27 News was also recently contacted by the organizer of Saturday's protest outside Janesville Mall. Animal rights advocate Robin Bente says the goal of this peaceful protest is to educate the public and to inspire change.

"It would be great if we could get the city of Janesville to put an ordinance into place making it illegal for them to sell these dogs, but really the biggest thing would be to educate people," Bente explains.

Organizers of the protest say they've reached out to Janesville city council members regarding the creation of a new city ordinance. 27 News has reached out to these council members to get their take on this idea, but we haven't heard back from them at this time.

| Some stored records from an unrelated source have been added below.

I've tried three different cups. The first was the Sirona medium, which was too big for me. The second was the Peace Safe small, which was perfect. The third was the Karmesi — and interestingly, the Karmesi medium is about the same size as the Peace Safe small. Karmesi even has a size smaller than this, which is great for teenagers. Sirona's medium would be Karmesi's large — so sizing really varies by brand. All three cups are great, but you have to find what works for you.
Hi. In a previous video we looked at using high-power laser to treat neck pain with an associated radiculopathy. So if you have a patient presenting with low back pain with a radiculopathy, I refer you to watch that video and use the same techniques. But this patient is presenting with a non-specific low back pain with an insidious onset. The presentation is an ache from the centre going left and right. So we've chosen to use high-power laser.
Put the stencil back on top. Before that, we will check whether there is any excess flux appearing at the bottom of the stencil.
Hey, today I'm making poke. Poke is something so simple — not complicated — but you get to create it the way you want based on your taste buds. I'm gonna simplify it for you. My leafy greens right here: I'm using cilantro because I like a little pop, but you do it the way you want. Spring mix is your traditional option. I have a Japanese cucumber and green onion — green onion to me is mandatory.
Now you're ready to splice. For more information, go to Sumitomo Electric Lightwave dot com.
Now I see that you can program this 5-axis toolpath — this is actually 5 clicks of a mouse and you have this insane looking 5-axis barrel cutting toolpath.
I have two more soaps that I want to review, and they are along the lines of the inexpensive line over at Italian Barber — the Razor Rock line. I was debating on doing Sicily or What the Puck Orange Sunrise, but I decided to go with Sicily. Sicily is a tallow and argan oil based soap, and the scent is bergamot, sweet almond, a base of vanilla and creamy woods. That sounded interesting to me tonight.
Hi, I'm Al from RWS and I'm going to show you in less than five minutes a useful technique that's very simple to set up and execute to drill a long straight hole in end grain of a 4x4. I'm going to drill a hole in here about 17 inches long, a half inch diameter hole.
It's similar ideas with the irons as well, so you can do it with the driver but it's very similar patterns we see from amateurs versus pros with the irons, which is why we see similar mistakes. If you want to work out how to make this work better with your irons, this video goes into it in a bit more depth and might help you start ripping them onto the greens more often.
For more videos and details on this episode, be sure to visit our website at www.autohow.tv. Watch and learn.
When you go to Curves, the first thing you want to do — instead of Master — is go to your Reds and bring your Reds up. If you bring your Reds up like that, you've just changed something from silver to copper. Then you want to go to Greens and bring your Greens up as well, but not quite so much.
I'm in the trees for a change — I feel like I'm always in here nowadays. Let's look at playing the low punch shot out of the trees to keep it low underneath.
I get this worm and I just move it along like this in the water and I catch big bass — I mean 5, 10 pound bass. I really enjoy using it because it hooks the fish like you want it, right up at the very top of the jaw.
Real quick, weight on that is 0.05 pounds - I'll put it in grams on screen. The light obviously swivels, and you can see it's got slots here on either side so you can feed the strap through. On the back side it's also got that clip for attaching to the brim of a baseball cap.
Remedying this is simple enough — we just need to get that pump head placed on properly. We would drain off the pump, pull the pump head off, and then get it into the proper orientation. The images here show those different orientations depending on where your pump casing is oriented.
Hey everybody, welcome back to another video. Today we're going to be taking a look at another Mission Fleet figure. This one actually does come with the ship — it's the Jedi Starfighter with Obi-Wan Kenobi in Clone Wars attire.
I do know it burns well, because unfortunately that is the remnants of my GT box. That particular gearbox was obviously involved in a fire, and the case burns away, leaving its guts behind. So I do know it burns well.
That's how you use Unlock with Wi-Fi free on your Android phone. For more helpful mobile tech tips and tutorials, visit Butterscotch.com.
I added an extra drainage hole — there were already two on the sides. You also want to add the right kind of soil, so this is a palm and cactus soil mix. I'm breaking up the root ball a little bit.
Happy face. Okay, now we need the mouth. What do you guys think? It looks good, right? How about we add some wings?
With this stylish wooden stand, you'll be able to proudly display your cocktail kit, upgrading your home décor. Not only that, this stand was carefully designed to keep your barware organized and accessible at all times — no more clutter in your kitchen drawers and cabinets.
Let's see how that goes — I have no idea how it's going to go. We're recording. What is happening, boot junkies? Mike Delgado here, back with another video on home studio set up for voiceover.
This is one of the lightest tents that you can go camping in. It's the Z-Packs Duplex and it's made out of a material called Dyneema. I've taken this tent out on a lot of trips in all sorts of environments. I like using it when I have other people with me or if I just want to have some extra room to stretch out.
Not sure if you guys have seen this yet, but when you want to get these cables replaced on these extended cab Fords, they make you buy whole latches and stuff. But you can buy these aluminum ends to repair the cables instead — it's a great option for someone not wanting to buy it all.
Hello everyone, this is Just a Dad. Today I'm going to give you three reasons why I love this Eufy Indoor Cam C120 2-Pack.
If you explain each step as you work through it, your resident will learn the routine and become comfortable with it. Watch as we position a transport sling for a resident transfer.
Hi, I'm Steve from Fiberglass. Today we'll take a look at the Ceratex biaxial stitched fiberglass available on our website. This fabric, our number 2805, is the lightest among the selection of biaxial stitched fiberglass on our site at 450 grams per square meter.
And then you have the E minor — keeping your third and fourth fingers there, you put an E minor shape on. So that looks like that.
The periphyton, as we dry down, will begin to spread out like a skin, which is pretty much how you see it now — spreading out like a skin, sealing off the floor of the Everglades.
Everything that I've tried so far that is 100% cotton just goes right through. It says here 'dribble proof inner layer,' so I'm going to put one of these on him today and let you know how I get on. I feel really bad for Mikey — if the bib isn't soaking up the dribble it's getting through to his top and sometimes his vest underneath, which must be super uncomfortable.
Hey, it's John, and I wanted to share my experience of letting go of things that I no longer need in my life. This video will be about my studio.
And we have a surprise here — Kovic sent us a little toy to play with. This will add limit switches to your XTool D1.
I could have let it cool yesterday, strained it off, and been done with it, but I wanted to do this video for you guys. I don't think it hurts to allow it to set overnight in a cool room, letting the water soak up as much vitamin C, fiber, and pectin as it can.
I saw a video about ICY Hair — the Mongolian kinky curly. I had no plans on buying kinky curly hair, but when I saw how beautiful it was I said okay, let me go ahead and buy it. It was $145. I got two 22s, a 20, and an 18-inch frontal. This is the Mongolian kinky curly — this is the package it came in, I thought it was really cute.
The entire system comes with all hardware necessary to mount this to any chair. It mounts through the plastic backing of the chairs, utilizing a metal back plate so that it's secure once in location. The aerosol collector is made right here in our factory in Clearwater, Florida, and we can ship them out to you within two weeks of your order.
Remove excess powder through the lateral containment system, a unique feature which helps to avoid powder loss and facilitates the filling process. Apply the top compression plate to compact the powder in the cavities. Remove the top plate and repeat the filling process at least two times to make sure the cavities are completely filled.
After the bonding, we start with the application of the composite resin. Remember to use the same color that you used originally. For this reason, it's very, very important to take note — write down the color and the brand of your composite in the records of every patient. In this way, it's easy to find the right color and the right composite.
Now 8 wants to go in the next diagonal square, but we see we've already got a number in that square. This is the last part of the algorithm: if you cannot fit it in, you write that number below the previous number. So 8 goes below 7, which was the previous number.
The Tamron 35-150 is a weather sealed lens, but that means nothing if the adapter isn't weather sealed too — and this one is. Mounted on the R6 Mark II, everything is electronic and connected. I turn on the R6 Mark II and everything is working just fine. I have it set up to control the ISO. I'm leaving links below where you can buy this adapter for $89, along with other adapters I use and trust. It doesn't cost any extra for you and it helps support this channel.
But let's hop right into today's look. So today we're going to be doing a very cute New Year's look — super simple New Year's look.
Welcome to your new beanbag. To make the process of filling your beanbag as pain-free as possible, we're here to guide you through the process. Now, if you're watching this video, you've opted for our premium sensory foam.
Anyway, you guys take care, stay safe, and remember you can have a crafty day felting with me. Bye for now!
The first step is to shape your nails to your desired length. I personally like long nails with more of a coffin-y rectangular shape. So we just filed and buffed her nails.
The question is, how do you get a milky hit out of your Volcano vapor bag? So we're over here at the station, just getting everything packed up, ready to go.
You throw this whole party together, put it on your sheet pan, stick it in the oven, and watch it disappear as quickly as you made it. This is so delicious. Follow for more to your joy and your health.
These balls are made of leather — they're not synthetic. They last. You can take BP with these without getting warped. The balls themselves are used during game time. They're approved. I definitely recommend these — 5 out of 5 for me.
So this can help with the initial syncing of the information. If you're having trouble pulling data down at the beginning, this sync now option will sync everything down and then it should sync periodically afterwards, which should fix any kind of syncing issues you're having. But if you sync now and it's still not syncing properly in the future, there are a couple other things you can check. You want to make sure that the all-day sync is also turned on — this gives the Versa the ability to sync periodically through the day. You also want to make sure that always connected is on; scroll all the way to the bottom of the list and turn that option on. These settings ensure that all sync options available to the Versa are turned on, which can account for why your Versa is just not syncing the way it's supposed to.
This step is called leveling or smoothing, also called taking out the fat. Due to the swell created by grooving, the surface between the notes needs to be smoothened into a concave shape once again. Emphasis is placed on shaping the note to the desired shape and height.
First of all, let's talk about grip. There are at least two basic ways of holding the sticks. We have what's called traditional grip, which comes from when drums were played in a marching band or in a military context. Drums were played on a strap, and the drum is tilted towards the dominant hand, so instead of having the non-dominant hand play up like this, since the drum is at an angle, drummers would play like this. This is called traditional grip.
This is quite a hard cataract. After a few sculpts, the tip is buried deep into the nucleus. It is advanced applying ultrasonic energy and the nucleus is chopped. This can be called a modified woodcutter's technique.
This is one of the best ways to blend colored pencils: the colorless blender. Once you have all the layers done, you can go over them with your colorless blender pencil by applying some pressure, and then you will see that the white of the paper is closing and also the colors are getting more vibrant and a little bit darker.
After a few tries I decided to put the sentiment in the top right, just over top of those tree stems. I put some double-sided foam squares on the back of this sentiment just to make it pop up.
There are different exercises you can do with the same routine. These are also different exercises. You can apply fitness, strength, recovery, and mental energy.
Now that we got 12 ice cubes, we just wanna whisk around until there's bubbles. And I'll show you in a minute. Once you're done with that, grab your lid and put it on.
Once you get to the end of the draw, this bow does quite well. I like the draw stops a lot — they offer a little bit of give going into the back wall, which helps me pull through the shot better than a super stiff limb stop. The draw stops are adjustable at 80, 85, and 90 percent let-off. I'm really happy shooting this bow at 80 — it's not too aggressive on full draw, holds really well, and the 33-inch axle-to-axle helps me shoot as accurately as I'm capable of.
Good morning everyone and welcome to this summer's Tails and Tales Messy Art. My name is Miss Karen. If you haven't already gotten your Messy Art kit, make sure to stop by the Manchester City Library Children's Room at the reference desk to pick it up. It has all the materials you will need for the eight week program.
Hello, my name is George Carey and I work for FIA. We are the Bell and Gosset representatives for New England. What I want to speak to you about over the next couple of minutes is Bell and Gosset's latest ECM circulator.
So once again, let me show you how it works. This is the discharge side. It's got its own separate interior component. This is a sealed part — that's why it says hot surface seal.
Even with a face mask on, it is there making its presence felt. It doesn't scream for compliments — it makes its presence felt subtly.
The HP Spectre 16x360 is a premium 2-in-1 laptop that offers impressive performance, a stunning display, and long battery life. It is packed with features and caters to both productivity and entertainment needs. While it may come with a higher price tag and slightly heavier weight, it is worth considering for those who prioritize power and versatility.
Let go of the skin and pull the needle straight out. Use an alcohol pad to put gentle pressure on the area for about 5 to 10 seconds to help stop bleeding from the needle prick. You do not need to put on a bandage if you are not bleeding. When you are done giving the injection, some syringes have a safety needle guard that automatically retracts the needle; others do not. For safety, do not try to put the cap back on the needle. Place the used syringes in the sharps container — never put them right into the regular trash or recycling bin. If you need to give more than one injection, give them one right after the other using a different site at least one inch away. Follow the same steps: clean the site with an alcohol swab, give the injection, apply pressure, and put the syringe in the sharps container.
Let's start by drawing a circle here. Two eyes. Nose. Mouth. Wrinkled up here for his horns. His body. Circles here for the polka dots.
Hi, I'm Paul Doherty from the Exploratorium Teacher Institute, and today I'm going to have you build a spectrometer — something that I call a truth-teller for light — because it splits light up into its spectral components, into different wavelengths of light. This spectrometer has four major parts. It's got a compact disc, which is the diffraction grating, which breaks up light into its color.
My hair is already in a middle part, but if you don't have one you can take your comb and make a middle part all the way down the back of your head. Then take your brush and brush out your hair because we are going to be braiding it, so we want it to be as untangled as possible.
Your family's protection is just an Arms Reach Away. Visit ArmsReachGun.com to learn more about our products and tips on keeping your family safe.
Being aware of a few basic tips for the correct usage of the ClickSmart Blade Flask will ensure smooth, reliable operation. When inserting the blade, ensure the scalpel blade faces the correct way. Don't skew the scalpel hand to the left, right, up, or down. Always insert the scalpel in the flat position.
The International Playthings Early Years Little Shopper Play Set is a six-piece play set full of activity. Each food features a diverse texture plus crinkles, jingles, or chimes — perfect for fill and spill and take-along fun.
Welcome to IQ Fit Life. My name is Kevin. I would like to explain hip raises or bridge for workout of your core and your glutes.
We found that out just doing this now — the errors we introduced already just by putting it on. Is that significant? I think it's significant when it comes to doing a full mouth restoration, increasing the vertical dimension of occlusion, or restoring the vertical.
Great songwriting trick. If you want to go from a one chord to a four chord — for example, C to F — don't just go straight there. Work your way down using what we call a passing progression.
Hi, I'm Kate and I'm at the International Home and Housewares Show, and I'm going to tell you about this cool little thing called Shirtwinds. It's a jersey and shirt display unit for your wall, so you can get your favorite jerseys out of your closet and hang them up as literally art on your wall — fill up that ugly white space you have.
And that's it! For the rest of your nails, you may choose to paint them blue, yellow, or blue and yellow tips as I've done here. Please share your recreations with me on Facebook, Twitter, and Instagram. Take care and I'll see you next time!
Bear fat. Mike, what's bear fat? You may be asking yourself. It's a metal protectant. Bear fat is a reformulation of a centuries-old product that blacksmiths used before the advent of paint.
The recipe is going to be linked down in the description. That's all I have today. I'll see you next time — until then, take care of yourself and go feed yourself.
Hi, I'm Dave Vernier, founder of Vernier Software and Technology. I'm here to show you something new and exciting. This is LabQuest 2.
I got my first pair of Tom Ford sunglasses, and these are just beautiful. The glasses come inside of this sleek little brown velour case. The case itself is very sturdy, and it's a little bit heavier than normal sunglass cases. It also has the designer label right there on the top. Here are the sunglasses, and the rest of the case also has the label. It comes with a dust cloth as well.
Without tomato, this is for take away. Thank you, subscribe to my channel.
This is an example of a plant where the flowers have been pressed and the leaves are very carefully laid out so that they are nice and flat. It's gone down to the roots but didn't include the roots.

Bente says similar ordinances have been passed in a few dozen municipalities across the country. She says some of these ordinances only allow for the retail sale of shelter dogs or rescued animals and not the sale of animals from breeders.

"I used to work at a humane society for a few years and we saw a lot of dogs come from those stores. I've always known where those dogs come from and I've always tried to steer people in the right direction as to where to get a dog and how to make sure they're healthy and come from a good place," Bente says.

Representatives of Furry Babies Inc. released this statement to 27 News:

"Furry Babies is a small business and family oriented business. The owners and employees get great satisfaction out of providing puppies to hundreds of people and families each year. Unfortunately, a few animals become afflicted with parvovirus. This virus can be contracted anywhere including animal rescue shelters and it is very difficult to deal with the disease. In addition, all of our puppies have a documented history of vaccinations designed to combat the virus. Some animals do not have the immune system strength necessary to fully fight the virus and thus they may contract it. When the rare occasion occurs and this does happen our Furry Babies stores and facilities are scrubbed down following a strict regimen recommended by veterinarians."

"Furry Babies Inc. has reached out to those who have lost a puppy, including those mentioned in recent news reports, and we have determined that we will pay for all of the costs involved in these sad situations as well as providing a refund for the puppy. The owners and employees of all of our Furry Babies stores take great pride in our work and our efforts at providing a healthy pet to our customers. When these types of situations arise we too feel for the pet owner. Our objective is to do whatever we can to mitigate the loss in such a circumstance."

After receiving this statement 27 News asked to speak to a company representative in person regarding these recent parvo cases. We've also asked to personally see the breeding facilities where these young dogs are kept and raised. We haven't received a response at this time.